The obvious goal is to eliminate candidates who can harm you with bad advice. Most of these people aren’t bad per se, their problem is that they’ve stepped outside their realm of dominion. Not knowing is not a problem as much as their not knowing they don’t know. If you’re uncertain, or maybe even if you aren’t, it wouldn’t hurt to verify answers and compare notes with peers or other providers.

A consultant should be able to justify their advice. They should be able to say where they got the information and share those sources (within reason) with you. They should be able to quantify their suggestions with analysis, metrics or established standards of practice common in the trade. You’re looking for someone who actively continues to educate themselves.
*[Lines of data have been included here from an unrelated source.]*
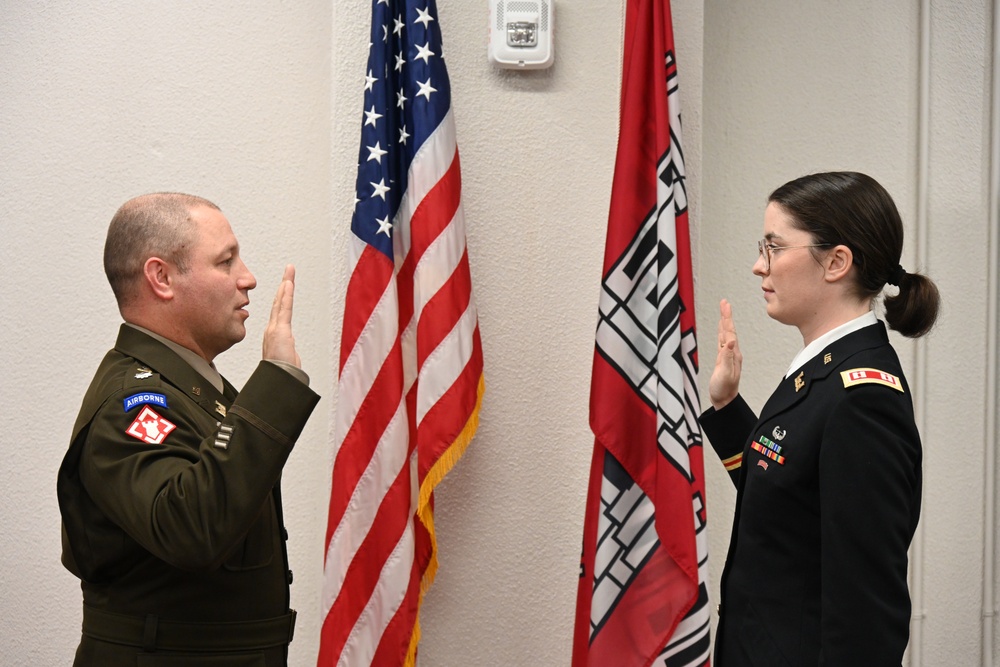 1st Lt. Grace Beverage Promoted to Captain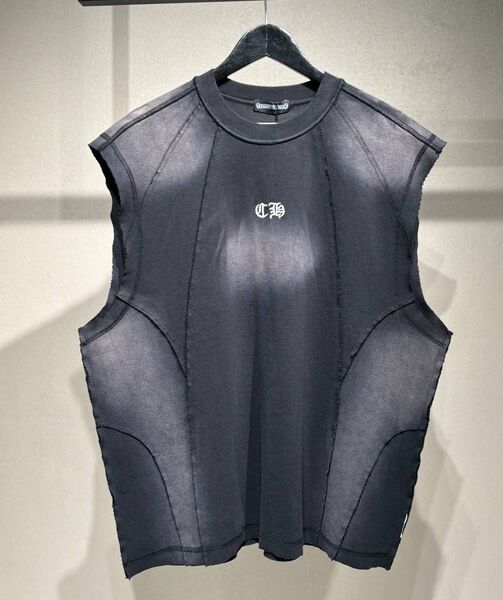 Мужская майка Chrome Hearts мужской графитовый 194520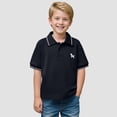 thumbnail image 2 of Staki Printed Boys' Polo Shirt Kids Boys Cute Polo Shirts Short Sleeve Lightweight Golf Tops 1-10Y(Navy,3-4 Years), 2 of 6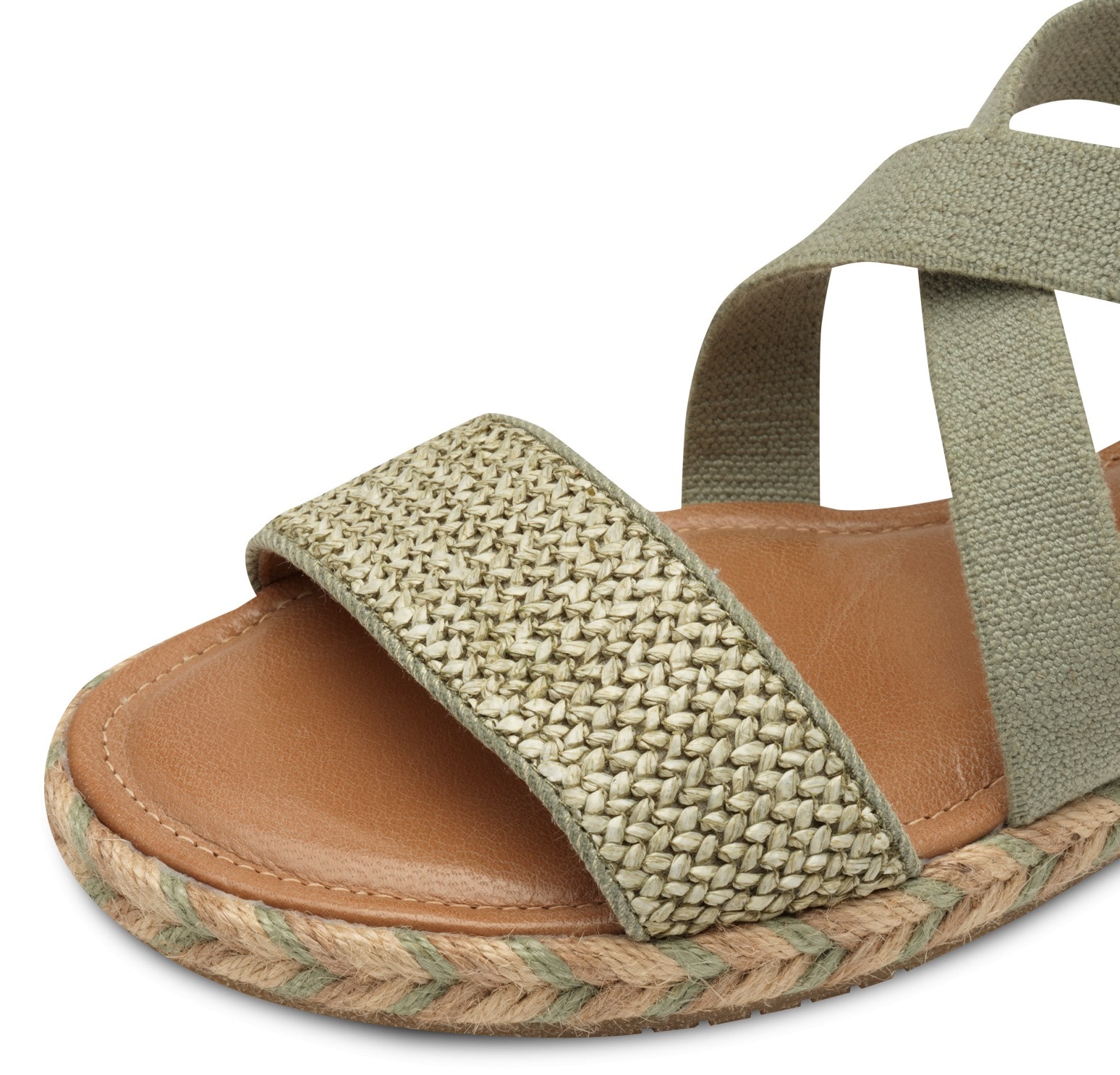 Tamaris Riemchensandale, Plateau, Sandalette, Sommerschuh mit Kontrast-Details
Compensation and affiliations.
Everyone works differently but I don’t think a consultant should charge for initial conversation to discuss the parameters of your needs. My friend Valerie (recommended) charges an up front fee amounting to three hours of services because her involvement is longer term. Since my engagements are typically short term and limited, my minimum is 15 minutes.

Most consultants are affiliated with other businesses. If their arrangement is such that they get a commission for a product or service they recommend, they should disclose it. Always ask. It’s common for production consultants to get a small percentage of any contract work they place for you so ask about that too. Sourcing can be sticky. Do not ever hire someone you pay to source products or services for you if they will not disclose the sources to you. I know a bra production consultant who charges $100 an hour to find things (in her rolodex, only she doesn’t say that) and then forces you to order fabric or molds through her. You never see the supplier’s invoice, only hers which conveniently enough, includes a 40% mark up. Do not hire a consultant to source for you if they will not agree to disclose the name and contact information for any pattern makers or contractors they find for you.

Ending the relationship.
All relationships end eventually and consulting is no different. Maybe they run out of material and don’t have more to give because you’ve grown beyond their expertise. This is a good thing. If everything goes according to plan, you will outgrow your consultant so it’s best to be prepared to have the conversation. You don’t have to wait for the situation to disintegrate or come to an acrimonious end. Discuss it once you see the horizon looming.

Conclusion:
These are the high points. Feel free to jump in, we could use some help in fleshing this out in more practical terms.